The bit from Jayne Eyre is easy and may well have resonance with the topic in hand:

"A ridge of lighted heath, alive, glancing, devouring, would have been a meet emblem of my mind when I accused and menaced Mrs. Reed:

the same ridge, black and blasted after the flames are dead, would have represented as meetly my subsequent condition, when half-an-hour's silence and reflection had shown me the madness of my conduct, and the dreariness of my hated and hating position
."

I remind myself of that passage whenever things get heated for no real reason. It's very easy to get caught up in the flames and not realise the black and blasted damage that's going to be the inevitable result.

Wuthering Heights is a bit more difficult, mainly because so much of it works below the surface. It impacts at a subconscious level - if you've had the life experiences to resonate with it (and not everybody does).

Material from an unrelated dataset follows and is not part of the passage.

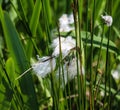 hare's tail cottongrass or tussock cottongrass (Eriophorum vaginatum) in wetland, blooming in spring Royalty Free Stock Photo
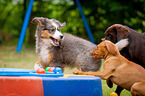 dog obedience school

To go much further would mean delving into topics that I'm reluctant to discuss on an open motorcycle forum but some of the most emotionally laden prose I've ever read has come from the pages of Wuthering Heights.

I know it's often dismissed as "VicChickLit" but I think that's a mistake. It's only when I had to try and produce similar "from the depths of the soul" passages in a book I wrote five or six years ago that I came to understand how sublime Emily Bronte's abilities were. Jane Eyre is good but Wuthering Heights is as good as it gets - all IMHO of course.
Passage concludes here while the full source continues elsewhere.